[Short descriptive text snippets]

★ ★ ★ ★

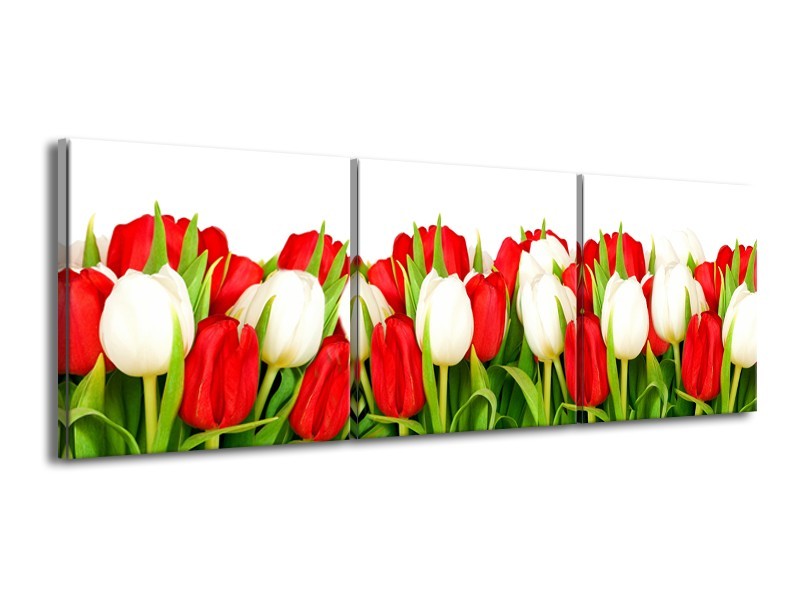 Glasschilderij Tulpen, Bloemen | Rood, Wit, Groen | 150x50cm 3Luik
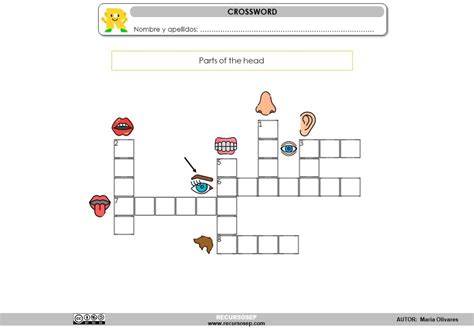 Crucigrama Con Vocabulario De Partes Del Cuerpo En Inglés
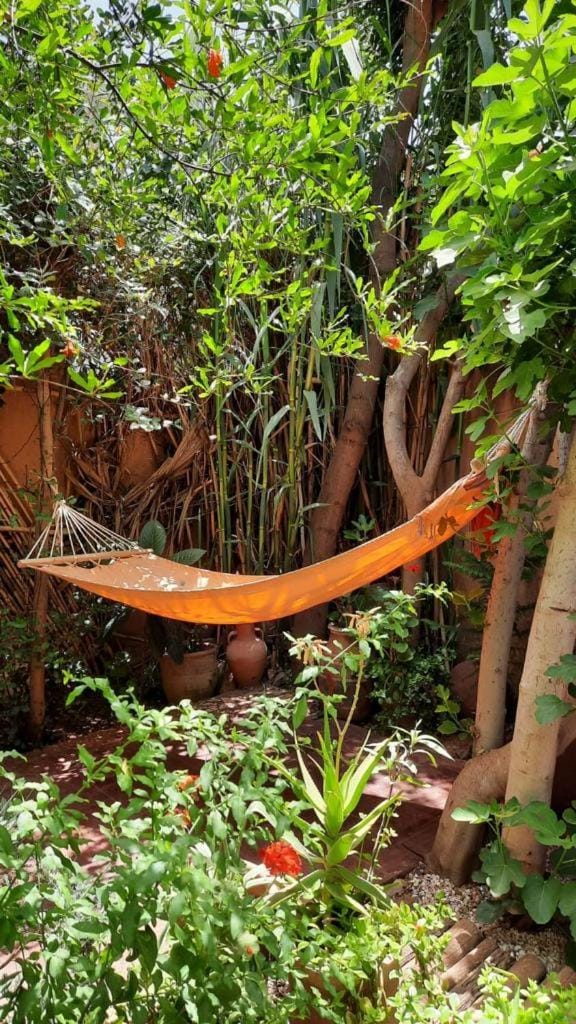 DAR OUZOUD Vegan Riad in Morocco
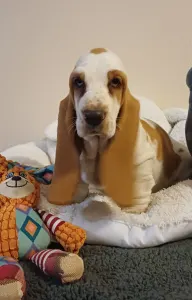 Basset Hound - Arlin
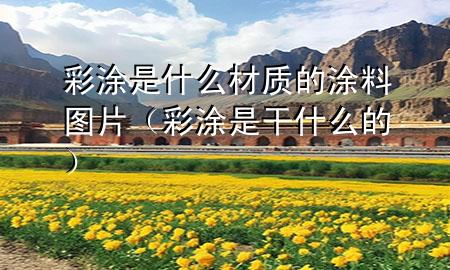 彩涂是什么材质的涂料图片（彩涂是干什么的）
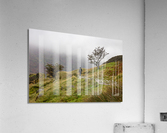 Lake District 3 Acrylic Print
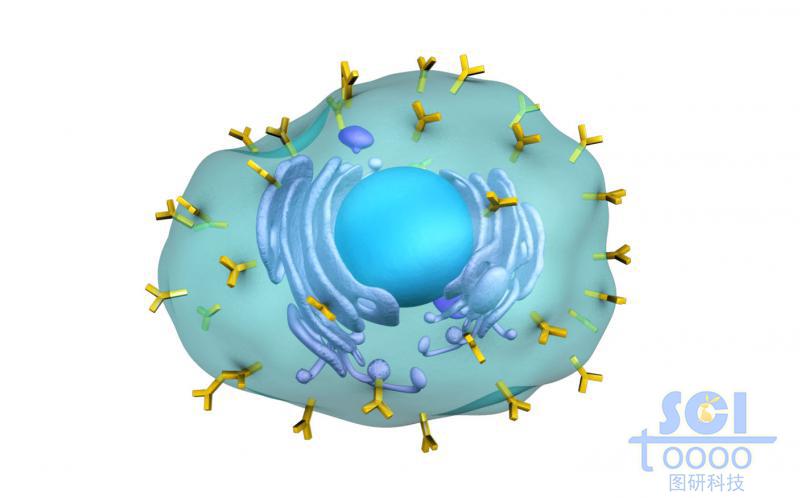 表面带抗体的细胞膜内有细胞壳与内质网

★ ★ ★ ★

Leaving out the pictures, repeat all the entries exactly as they stand.

 Glasschilderij Tulpen, Bloemen | Rood, Wit, Groen | 150x50cm 3Luik
 Crucigrama Con Vocabulario De Partes Del Cuerpo En Inglés
 DAR OUZOUD Vegan Riad in Morocco
 Basset Hound - Arlin
 彩涂是什么材质的涂料图片（彩涂是干什么的）
 Lake District 3 Acrylic Print
 表面带抗体的细胞膜内有细胞壳与内质网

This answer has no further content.